Воин и дипломат, Михаил не был хозяином. Ему были нужны народные деньги — на наемных латинян и турок, на флот, на посольства, на придворный блеск. У него не было времени думать о народе, так тревожно было его царствование. Вряд ли он и интересовался нуждами крестьян­ства и развитием производительных сил страны, как все Ласкари. Аристократ, вознесенный на престол знатными врагами Ласкарей, Михаил по происхождению своей влас­ти был врагом того отеческого, хозяйственного строя, ко­торый был присущ Ласкарям. При нем крестьянам жилось хуже. Не говоря о крестьянских мятежах в Никейской об­ласти, принявших династическую окраску и залитых пото­ками крови, ставленник властелей не мог препятствовать глухому социальному процессу, который привел в XIII и XIV вв. крестьянские массы в бесправное состояние крепо­стных проскафименов. Пострадали и мелкие прониары, военный класс. Сведения о социальных отношениях при Михаиле скудны и не разработаны, но ясно, что не только казна Ласкарей, но и экономические силы населения были использованы Михаилом без пощады и благоразумия.

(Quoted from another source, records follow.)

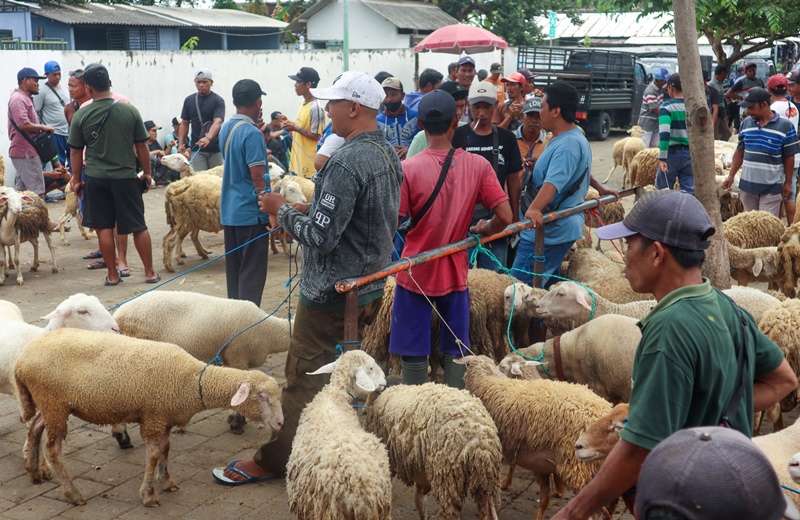 SEHAT: Pedagang domba memasarkan dagangannya di Pasar Hewan Dusun Resomulyo, Desa Genteng Wetan, Kecamatan Genteng Selasa (15/4)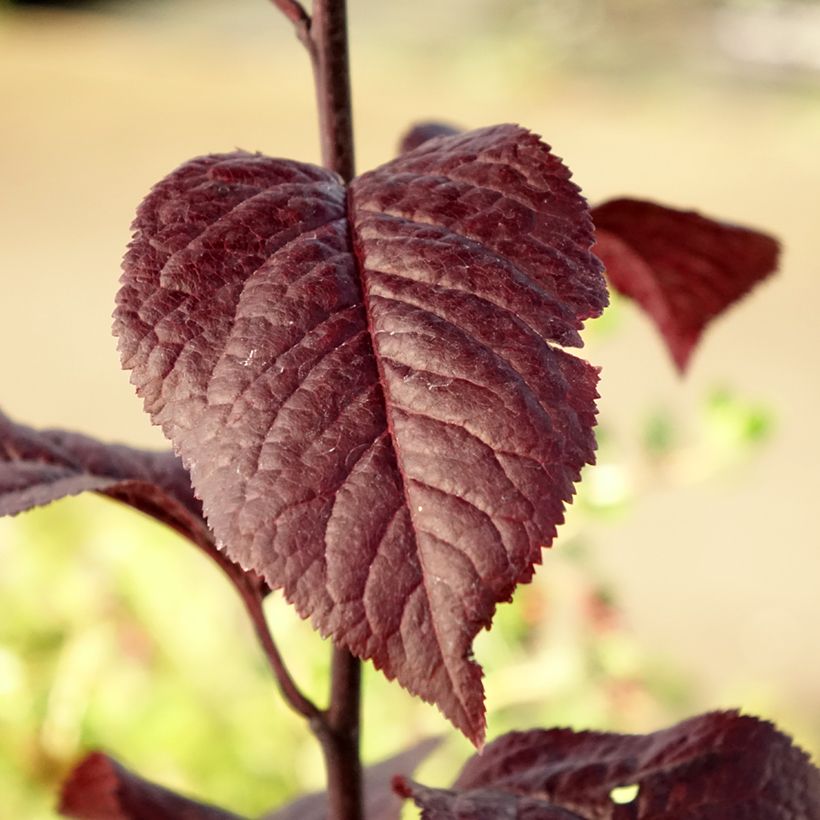 Prunier à fleurs - Prunus cerasifera Nigra (Foliage)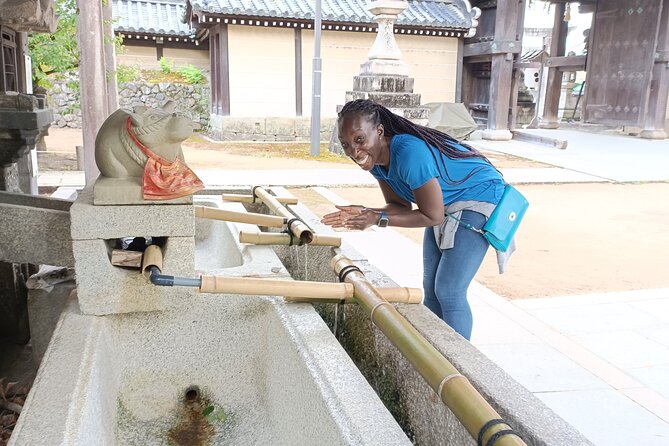 Full-Day Sightseeing to Kyoto Highlights - Arashiyama Bamboo Forest, beautiful but busy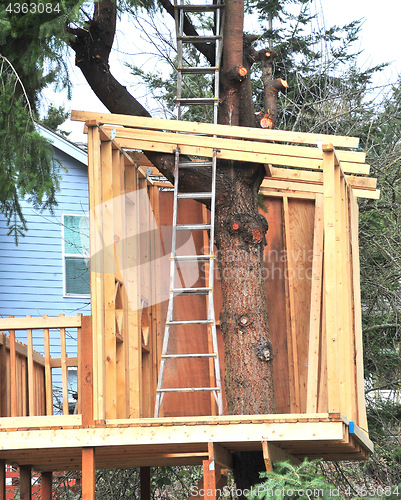 Image of Treehouse.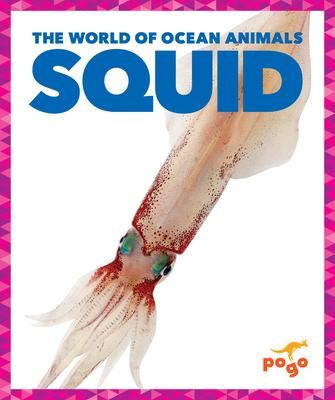 Produktbild: Squid
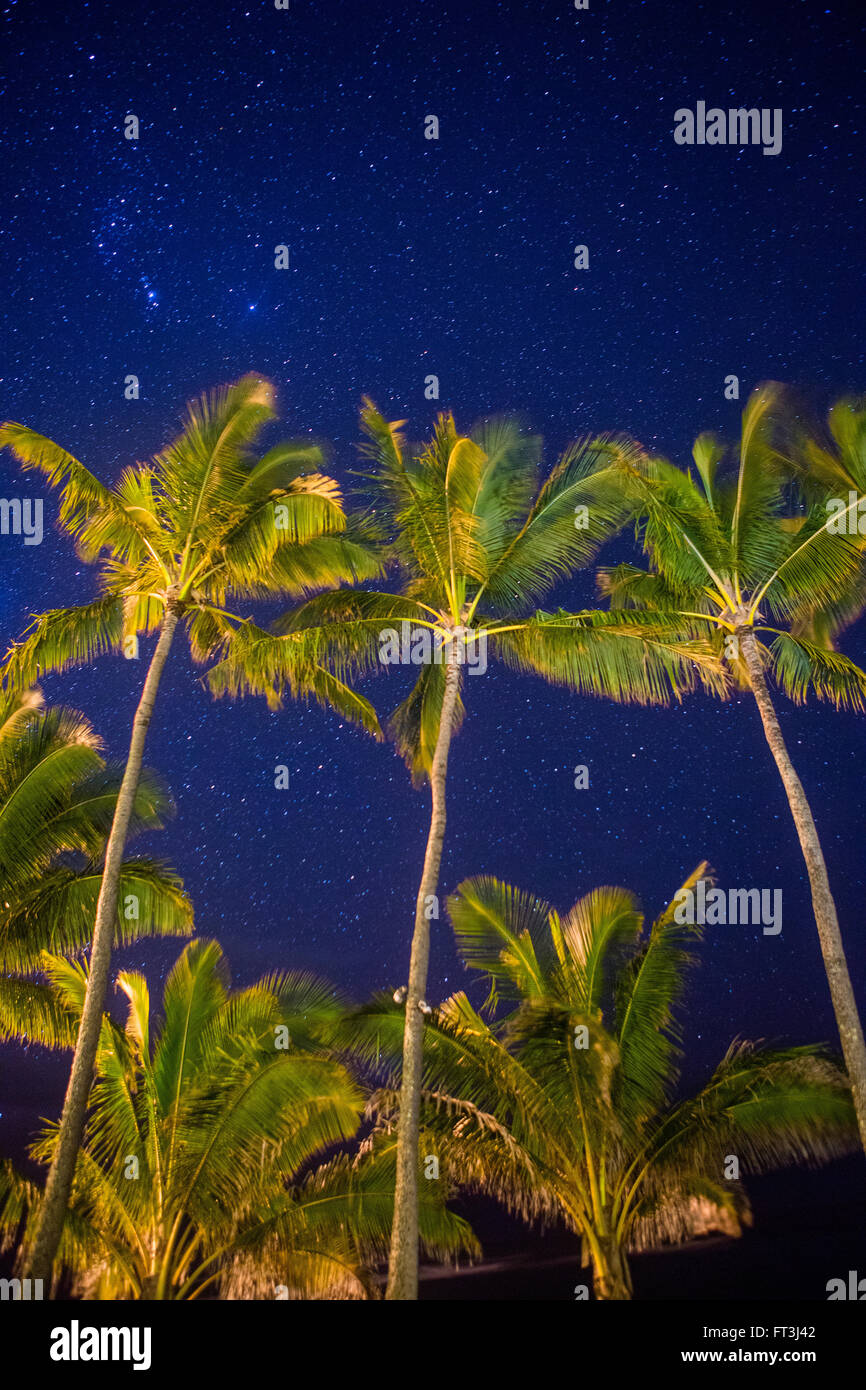 Notte stellata con palme Foto Stock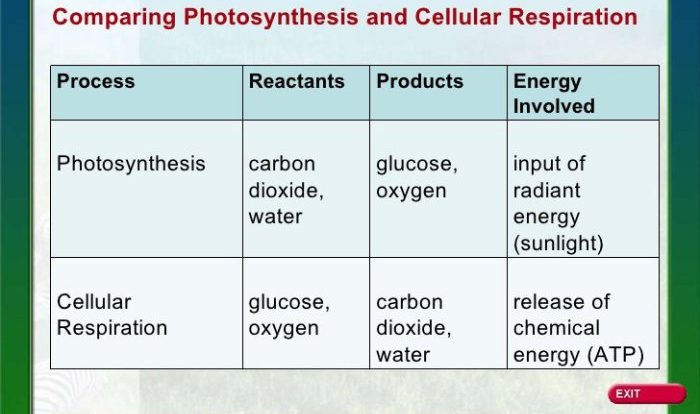 Cellular respiration and photosynthesis review worksheet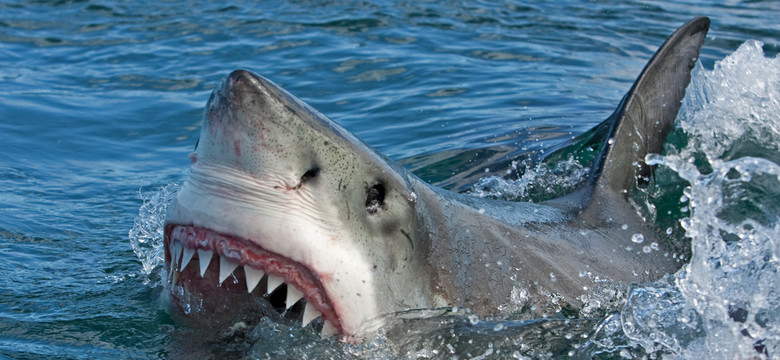 Dramatyczny atak rekina w Egipcie. Drapieżnik odgryzł kobiecie rękę. To nie pierwszy taki wypadek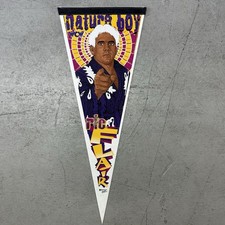 Vintage ric flair nature - ric,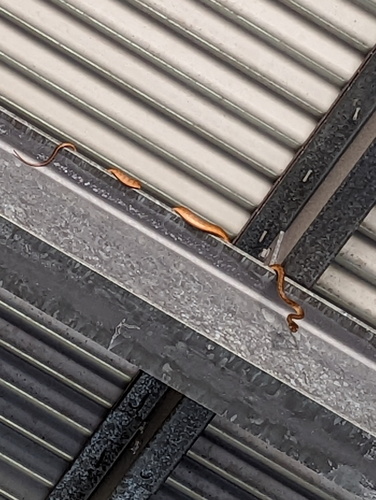 Brown Tree Snake sighting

В изданном проф. Троицким уставе обители св. Дими­трия в Константинополе, знаменитому «монастырю Палеологов», отстроенному Михаилом, он пишет о себе: «Что бо, Владыко, из содеянных на мне Твоим благоутробием не превосходит и самый разум дивных? ...Что касается меня, то все, чем только кто-либо мог бы величаться, Бог собрал для меня как бы нарочно все вместе». И Михаил распрост­раняется о знатности своего рода, о своих знаменитых предках. «А сколько я сам преуспел... об этом вопиют сами дела...» В таком тоне написана вся краткая автобиография, панегирик самому себе, перечень сплошных успехов и по­бед. Ни одного намека на тяжелые факты и невзгоды, кото­рыми полна жизнь Михаила; ничто не напоминает хрис­тианский смиренный дух, которым полно, например, «По­учение Владимира Мономаха». «Я не искал трона, но был вынужден принять его как достойнейший», — пишет Ми­хаил. Сквозь похвальбу царственного ктитора звучит са­мозащита непопулярного монарха. Казалось бы, что вос­становителя византийского Константинополя должна бы­ла окружить любовь, хотя столицы. На самом деле его наследник не посмел даже перевезти тело отца в Констан­тинополь.



[1] По исследованиям Иречка, Елена происходила из какого-то французского знатного рода, утвердившегося в Греции.